MEMORIAL DAY REMARKS - 2017 Good morning. My name is Steve Kerrigan and I am the President of the Massachusetts Military Heroes Fund and it is my honor to welcome you to today s ceremony honoring our Commonwealth s fallen heroes and their families. Before we begin, I would like to take this opportunity on behalf of our incredible Board of Directors (Tom Crohan, Christie Coombs, Maura Yanosick, Dave Guarino and Col. Tom Devine) to thank our tremendous team including Kathy King and our incomparable Executive Director, Diane Nealon and also to thank some individuals, organizations and supporters, without whom none of this would be possible: OFFICES: Office of Mayor Martin J. Walsh Office of Governor Charlie Baker Massachusetts National Guard Boston Parks and Recreation Department Boston Water and Sewer - water truck yesterday Army Survivor Outreach Services
Massachusetts Department of Veteran Services Boston Veterans Services Lowell Veterans Center Project 351, and The John F. Kennedy Presidential Library Foundation - hosting our families for lunch FINANCIAL SUPPORTERS: John Hancock Financial AT&T Bank of America Arbella Insurance BNY Mellon Boston Scientific and McMillan education And for event and institutional support, we give special thanks to Michael P. Wasserman, Inc., Michael himself, Chris Farris and their entire team and to Melwood Global.
Finally, I would also like to thank the Commonwealth Brass Quintet from the 215 th Army Band. At this time, I would ask you to please rise for the presentation of the colors by the 54th Massachusetts Volunteer Regiment Honor Guard and remain standing for the singing of our National Anthem by Oladunni Oladipo. Memorial Day, dedicated in 1868, was established to ensure that no generation would ever forget those who fell in battles fought, won and lost so that our Republic might remain free. It is with that charge in mind that we established this annual Memorial Day Flag Garden - to remind people that each of the 37,251 flags that will stand here in tribute to our fallen represent a heartbeat silenced in service to our Commonwealth and our country. Yesterday we were joined by over 600 volunteers who came from all across our Commonwealth, our nation and from around
the world, to help create this beautiful garden of flags to honor our heroes. Heroes that many of them never met. Heroes of different backgrounds, different genders, sexual orientations, different races and different religions. No one asked where the Catholic section was or the Jewish or Protestant or Muslim section was. No one said where do the flags for the straight sailors or the gay marines go. It wasn t suggested that those flags representing women soldiers or those for Dads or daughters be separated from the other flags. And no one asked how these service members gave their sacrifice or what price they and their families have paid for freedom we so richly cherish. No one asked those things or said those things because no one cared about those things. This is a garden of flags dedicated and, in fact, consecrated to the memory of 37, 251 brave men and women.
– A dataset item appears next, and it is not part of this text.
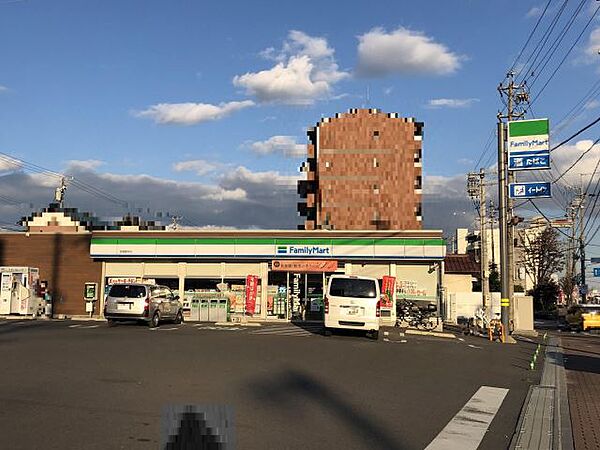 リヴェール ｜三重県鈴鹿市算所３丁目(賃貸アパート1R・2階・36.34㎡)の写真 その24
They were soldiers, sailors, airmen and women, marines and Coast Guardsmen and women all who said send me. They said I will wear the uniform of a nation built on the opportunity and diversity it offers those who live here and whose credo - out of many, one - when lived up to, makes our nation worthy of such an enormous sacrifice. In his order to establish Memorial Day, General John A. Logan admonished us to Let no vandalism of avarice or neglect, no ravages of time, testify to the present or to the coming generations, that we have forgotten, as a people, the cost of a free and undivided Republic. Massachusetts has always stood tall and strong in defense of our freedoms and that undivided Republic Logan spoke of. We ve always answered the call to service. For centuries our citizens have volunteered and served and, in fact, this very Boston Common has been a gathering place for those preparing for and suffering through the ravages of war.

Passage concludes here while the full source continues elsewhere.